I hear her and I know she already assumes, but she should know. I want the world to know what I did. “Just about alumni, about tradition. It wasn’t anything that should have made me angry, but it did. I was the angriest I’ve ever been.” I admit to her something I’ve never said out loud. Jack and Kevin Henderson, the proud alumni nephew. Smiling in an article.

The boy whose uncle was friends with a judge.

The boy who said she’d made him think it was what she wanted.

The boy who went back home and kissed other girls and smiled, knowing he’d get what he wanted. No matter what.

That boy never paid for what he did. He smiled at me. “Sam could never smile again, but there he was, smiling.”

“Allison?” she says, and my mother’s tone holds a warning. Like she knows what’s coming. Like she’s followed my train of thought.

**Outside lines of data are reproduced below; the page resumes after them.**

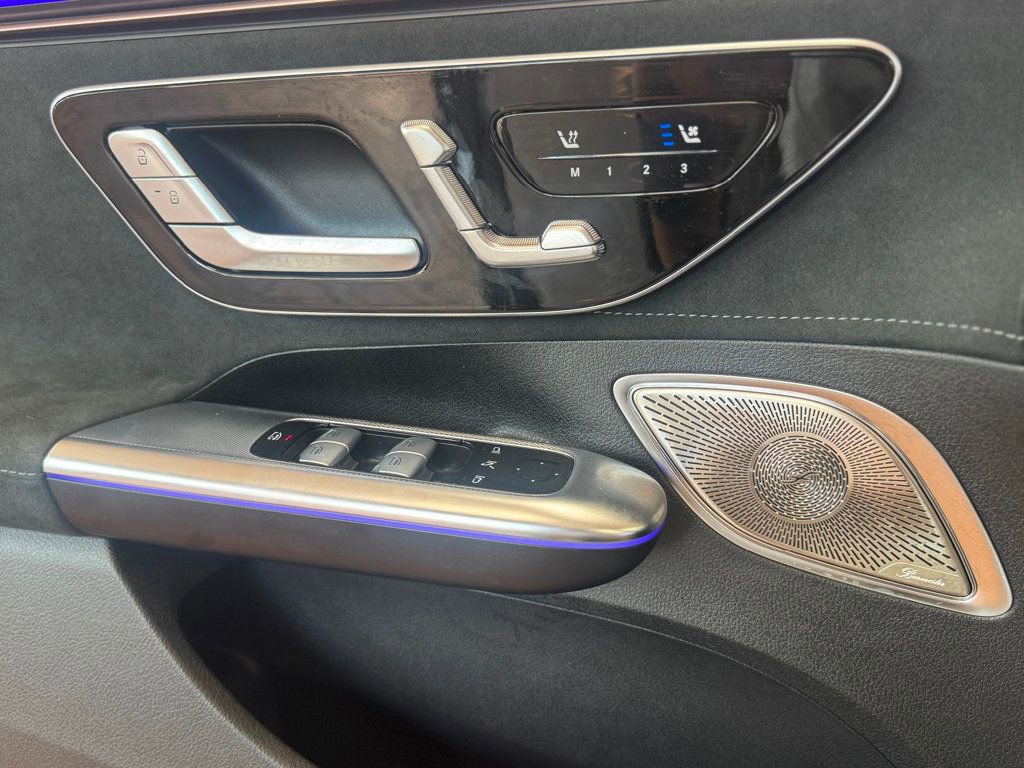 Used 2023 Mercedes-Benz EQE 500 4MATIC Sedan image 32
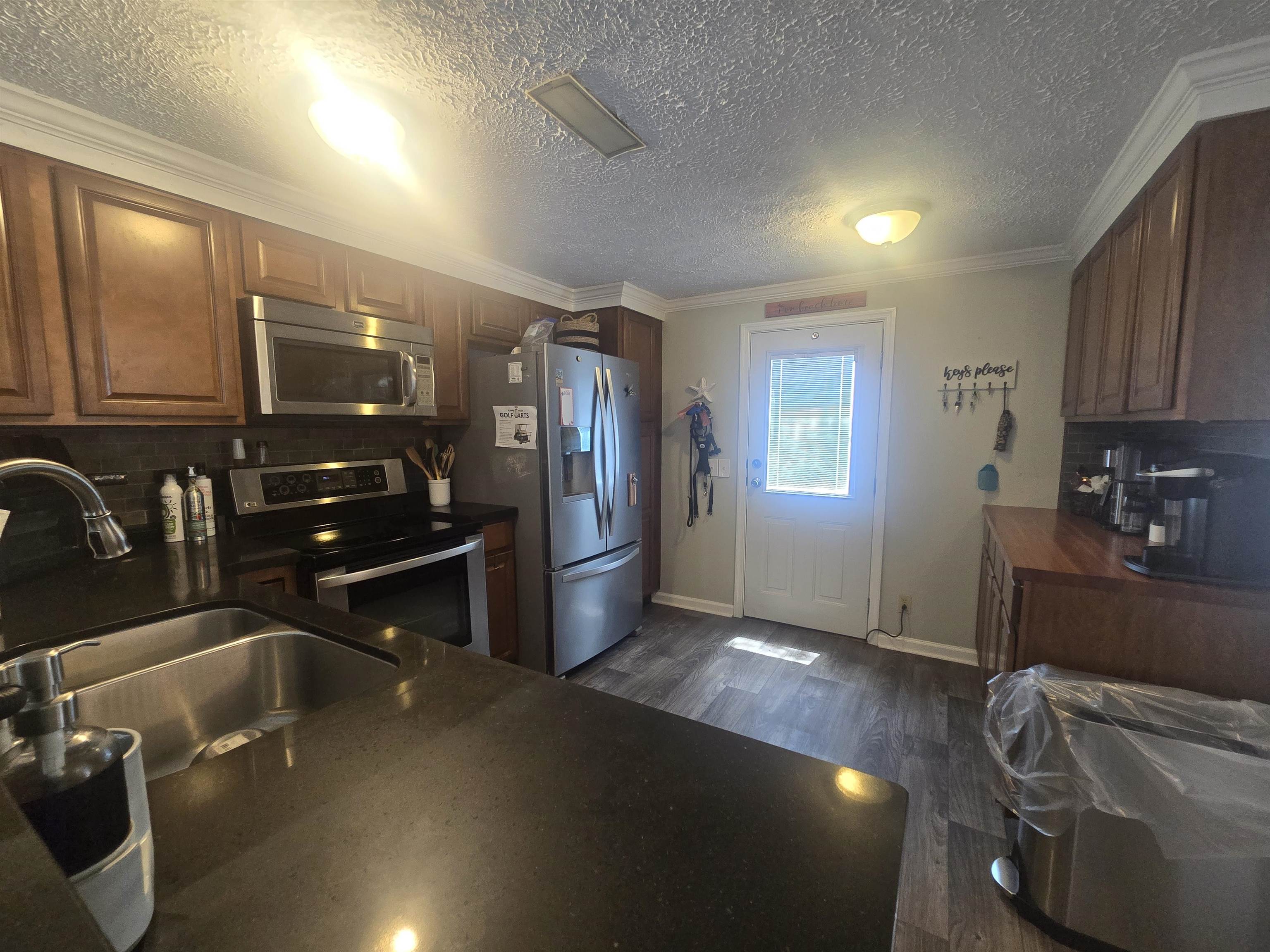 346 Ocean Breeze Dr. Property Photo 16
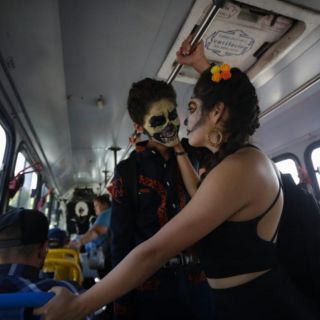 Para celebrar a los muertos, catrinas salen a las calles de Guadalajara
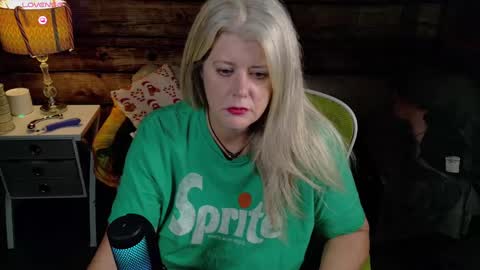 Alices Curiosity online show from 12/18/24, 02:53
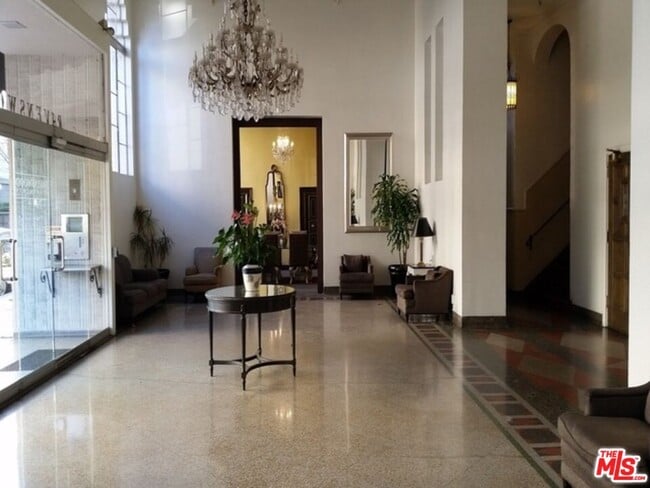 Building Photo - 570 N Rossmore Ave Unit 400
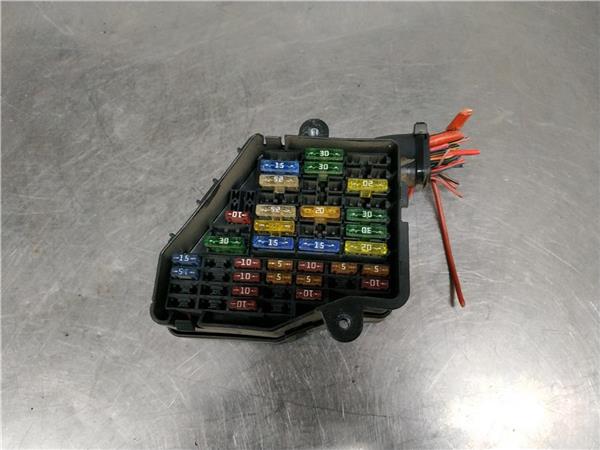 caja reles audi a4 berlina 8e brd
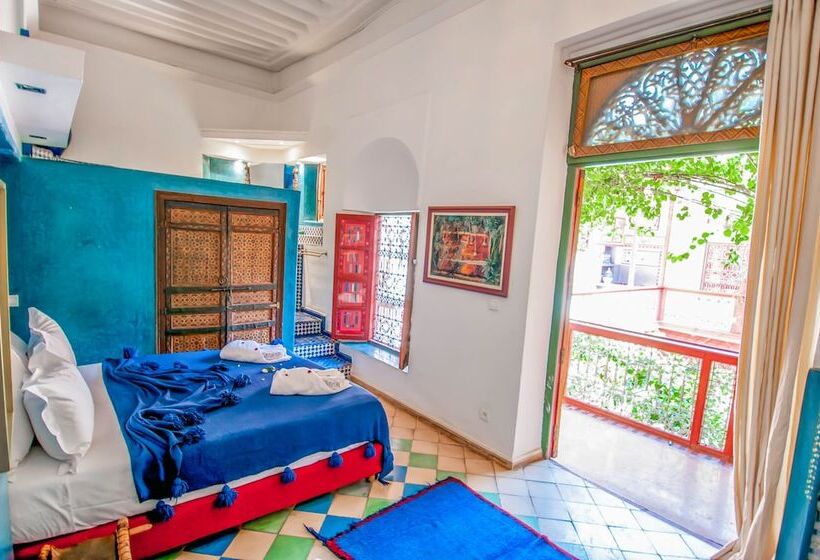 سوییت, Riad Chorfa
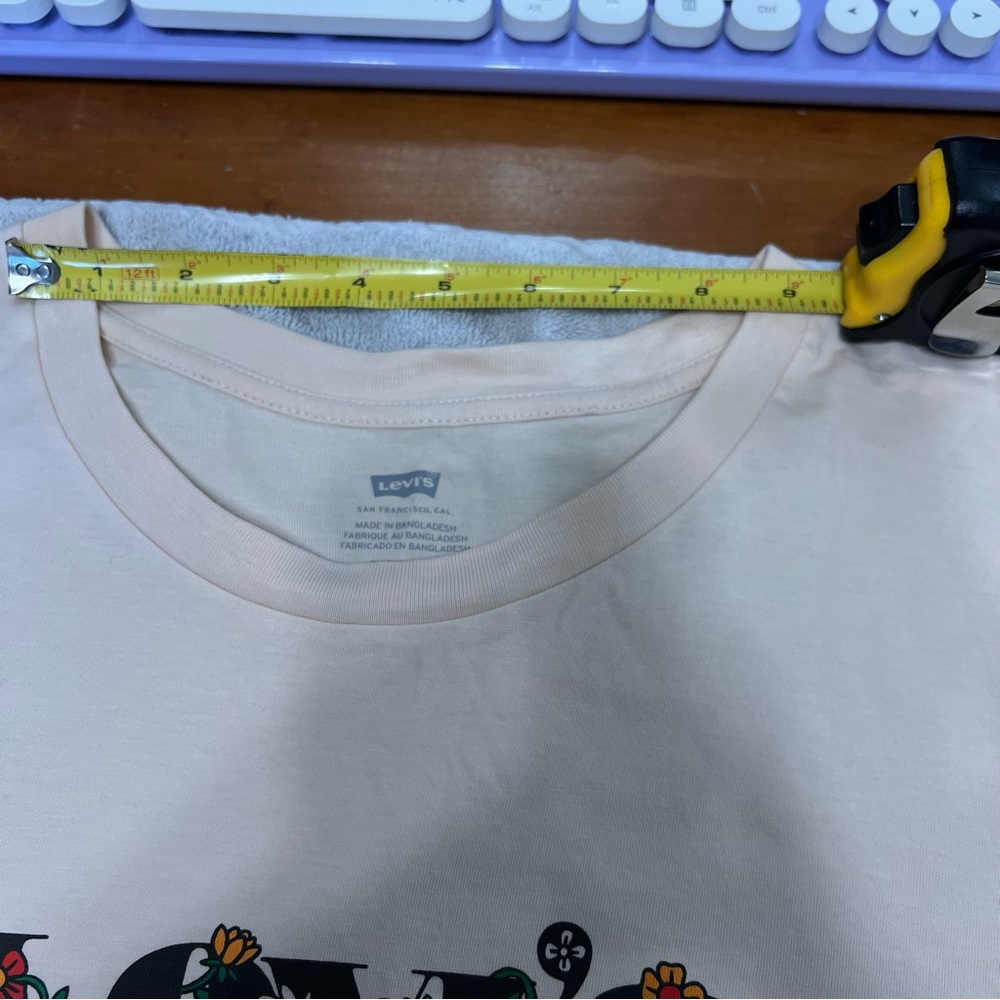 Levi’s Peach Color T-Shirt Size 3X - Picture 5 of 10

“I’m not done,” I tell her and her expression changes. I force my clammy hands to unclench.

“I came here because of that article. I came here because I wanted him to do to me, what he did to Sam.”

“No,” she says and shakes her head, denying it, the puzzle pieces firmly falling into place for her. I asked for it. Her head shakes as I continue my story. She can say those words now like she did back then. It’ll be true this time.

“I wanted the world to see him for the person he was. I wanted them to know she wasn’t lying.” My words get louder as I speak. More frantic, more saddened. “She deserved some kind of justice. I came here and I sought him out on purpose.”

Her cries are all that stop me from telling her more. She covers her mouth with both hands and shakes her head.

I won’t deny it. I won’t pretend things aren’t as they seem.

“I knew what I was doing, Mom. I wanted him to hurt me. Because if he did it to me, he’d be punished. Sam would finally have some sort of justice. It wouldn’t make it right, but she’d have something.” I croak out the last word, the tears slipping down my face to my chin and falling hard on the floor beneath me. Each one feeling heavier than the last.